By hosting the first national conference on oral and systemic health in Baltimore on Dec. 10, the University of Maryland, Baltimore (UMB) took another major step toward true interprofessional health care education, says Jay A. Perman, MD, president of the University.
More than 120 leading dental hygienists, nurses, other health professionals, educators in the health professions, and clinical/public health practitioners attended the conference on the Oral Systemic Link: Creating Collaborative Initiatives. Pathways to promote interprofessional education, research, and practice for dental hygiene and nursing collaborations were explored.
“This important event on the link of oral and systemic health highlights trends of working together to help reform our health care delivery system rather than working alone in our individual professions,” says Perman. “It is a terribly important collaboration that needs to be developed.”
Conference speakers presented extensive and powerful links between oral health and systemic conditions. Diabetes, osteoporosis, anxiety, tension, depression, earaches, eating disorders, poor nutrition, and some cancers “can be identified by, and linked to, conditions in the oral cavity and head and neck regions.” said dental hygienist Jacquelyn Fried, MS, RDH, director of interprofessional initiatives at the University of Maryland School of Dentistry (SOD) and the conference co-chair (pictured on left with co-chair Shannon Idzik, DNP, MS, CRNP, assistant professor and Director of the Doctor of Nursing Practice Program, UM School of Nursing).
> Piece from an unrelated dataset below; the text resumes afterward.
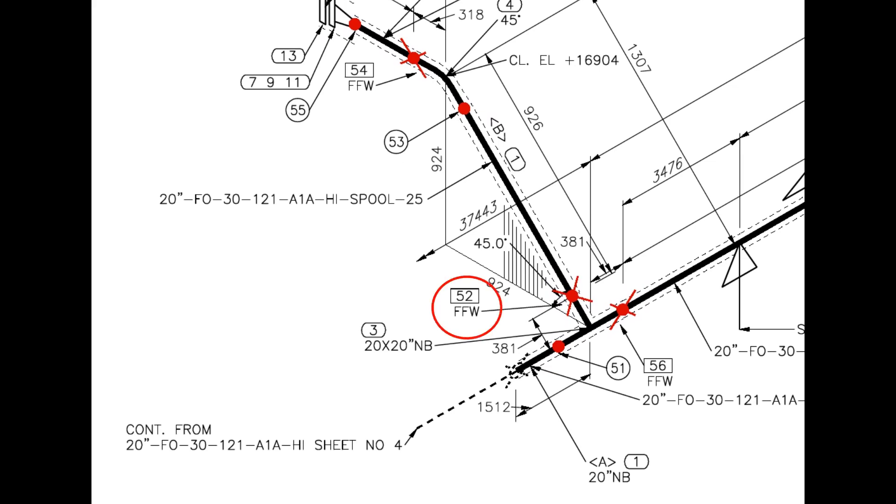See, one more field weld. Don't forget to add additional length to the pipe. See the T. The branch end is turned up 45 degree to the north.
“The oral-systemic link highlights commonalities between nursing, dental hygiene and other health professions. These commonalities lead to collaborative models, interprofessional models. Why? Because of shared patient outcomes that promote wellness and the desire for interprofessional education that develops well-rounded providers,” said Fried.
“We need to re-invent ourselves due to comorbidity,” said Christian S. Stohler, DMD, DrMedDent, dean of the University of Maryland School of Dentistry. “The concept of co-morbidity is not even understood by our insurance providers, not addressed. That is one reason our health care system is out of control.”
Periodontal disease is often at the center of co-morbidities, said Mark Reynolds, DDS, PhD, MA, professor and chair of the Department of Periodontics at the dental school. “Inflammation is the tie that binds,” Reynolds said, explaining that periodontal disease is caused by bacterial infections that “are not only tissue invasive, but cell invasive and found throughout the body. People don’t often know they have it until severe disease is present.”
Reynolds said inflammatory diseases such as rheumatoid arthritis are also linked to oral bacteria. “So what?” he said rhetorically. “Well, the treatment of oral disease, particularly periodontal disease, reduces hospitalization costs.”
Also, Perman, a pediatric gastroenterologist, said that “periodontal disease has been associated with premature, low-birth-weight babies in a number of studies. According to these studies, the greater the extent of maternal periodontal disease, the more likely the mother may have a premature baby.”
JoAnn Gurenlian, RDH, PhD, interim director of the graduate dental hygiene program at Idaho State University and president-elect of the International Federation of Dental Hygienists, said that as a dental hygienist, she sees much more than the average person sees in a smile. The smile to her is a window into the personýs mouth and body. “The whole point of what we want to accomplish” in interprofessional collaboration, Gurenlian said, “is to look at the whole person. Oral health is health, and we forget that. In nursing, in physical therapy, in speech pathology, in medicine, in any other [health] group, oral health is [currently] rarely thought of. And how could that be so? Students get only an hour of oral health education in their curriculum.”
Judith Haber, PhD, APRN, FAAN, the Ursula Springer Leadership Professor in Nursing and associate dean of graduate programs at the New York University College of Nursing, outlined dental hygiene/dental/nursing educational opportunities, such as nursing students conducting an oral health history and recognizing normal versus pathological variations of oral structures. A side-by-side consultation project with interprofessional students on comprehensive oral-systemic patient assessments and referrals for systemic health risks would be another innovation, said Haber, who also discussed collaborative innovations in pediatrics and summer research projects.
“There were multiple dynamics in play at this conference,” said Kathryn Montgomery, PhD, RN, NEA-BC, associate dean for strategic partnerships and initiatives and associate professor at the University of Maryland School of Nursing. “There was clinical content, there were practice issues and interprofessional education, as well as a new conference-participation approach with full engagement of participants in ‘active learning.’
An educational grant from the Colgate-Palmolive Company supported the conference.